Like its Las Vegas counterparts, it has developed a diversified revenue
base that is making it a destination resort rather than merely a casino
with hotel rooms.
“People do not just see Mohegan Sun as a casino. Four of our
29 stores are among their chains’ sales leaders in New England,” says
Mark Brown, chairman of the Mohegan tribe. “Some are the sales
leaders for the United States. We thought the retail
component would complement our other offerings, but it has taken on
a life of its own.”
This level of diversification is remaking the
casino hotel business model. MGM MIRAGE, whose Treasure Island in
Las Vegas was the first hotel designed to derive revenues on a 50/50
basis from casino and non-casino sources, continues to push its restaurant,
hotel and entertainment to broaden its profit base. “There is still a lot of room for evolution
on the food and beverage side, whether with star chefs or top name restaurants,” says
Alan Feldman, MGM MIRAGE’s senior vice president, public affairs. “Retail
space was nothing 10 years ago. Now, if a retailer is
not in Las Vegas, it is not even on the map. Part of what makes Las
Vegas so successful is its willingness to change and be flexible.”
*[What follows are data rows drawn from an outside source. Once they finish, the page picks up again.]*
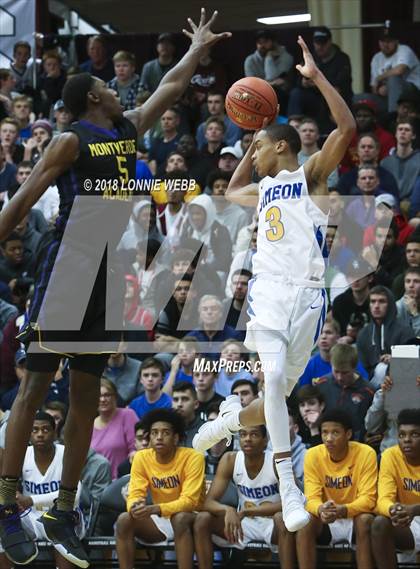 Thumbnail 1 in Montverde Academy vs. Simeon (Spalding Hoophall Classic) photogallery.
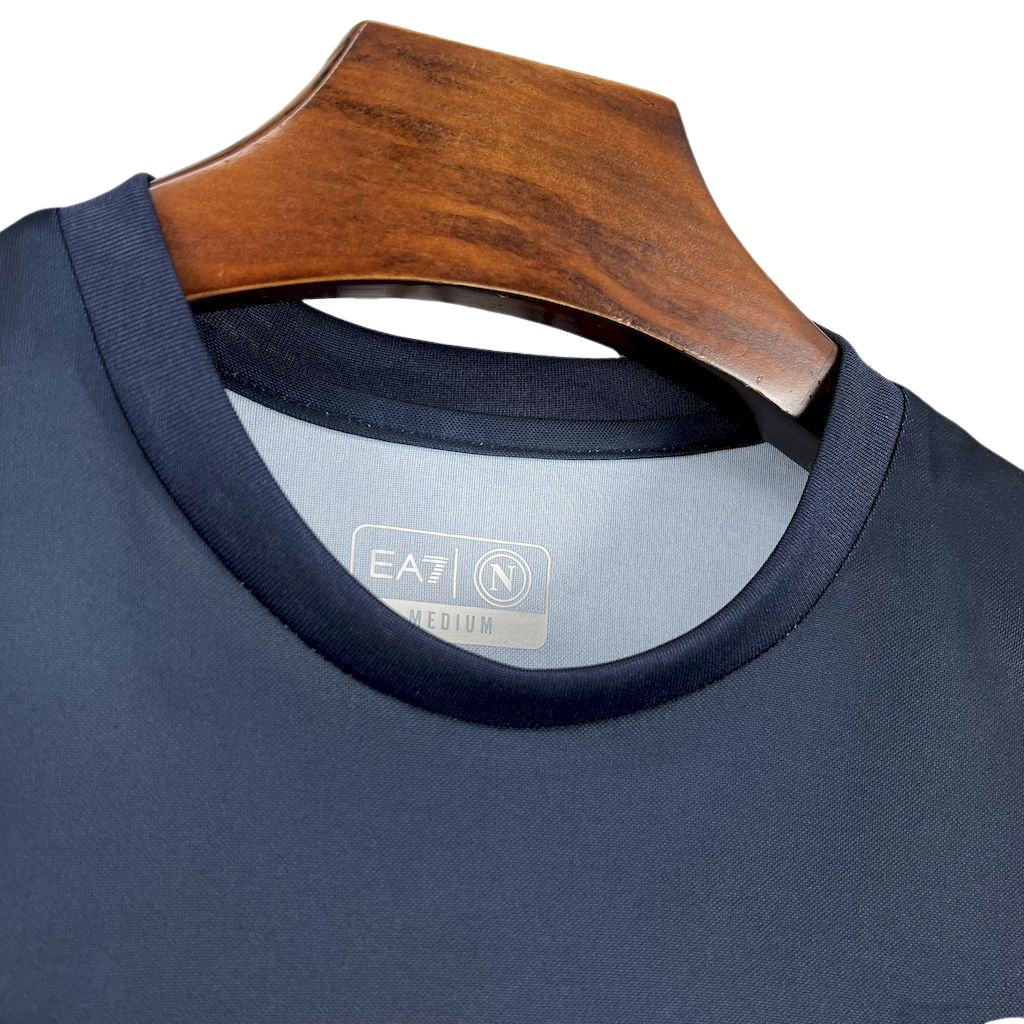 camisa-napoli-casual-2025-26-torcedor-masculina-camiseta-champions-league-lancamento-europeu-casual-oficial-ea7-again-azul-marinho-escuro-verde-vermelha-branca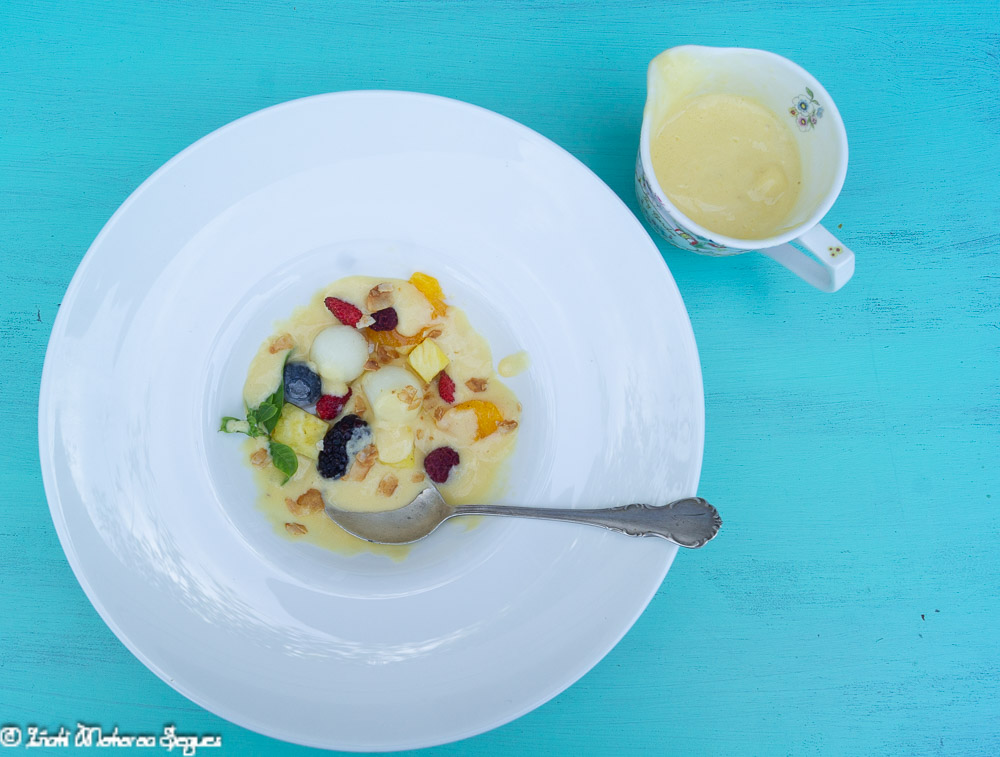 Macedonia de fruta con sopa de mango y piña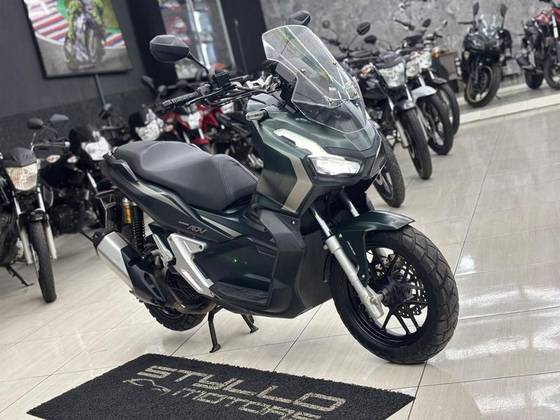 HONDA ADV 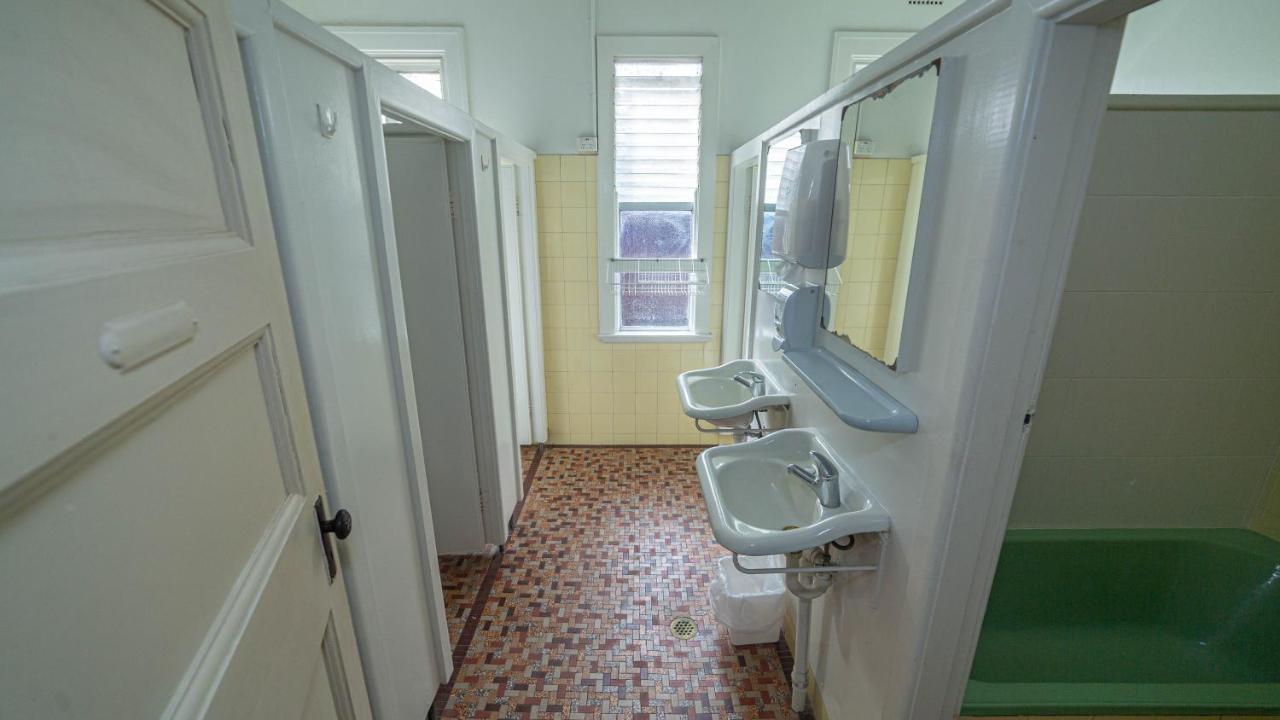 Australian Motel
Flexibility will be necessary to survive in the near term. Jason Ader,
senior managing director and gaming analyst, Bear Stearns, New York,
forecasts a flat 2003. A rebound in travel should send ADRs up 5% in
2004. However, most casino hotels are not waiting for the sunshine.
Lehman Brothers’ Joyce Minor predicts more companies will follow
Harrah’s lead in introducing new yield management tools to optimize
hotel room bookings based on customer worth.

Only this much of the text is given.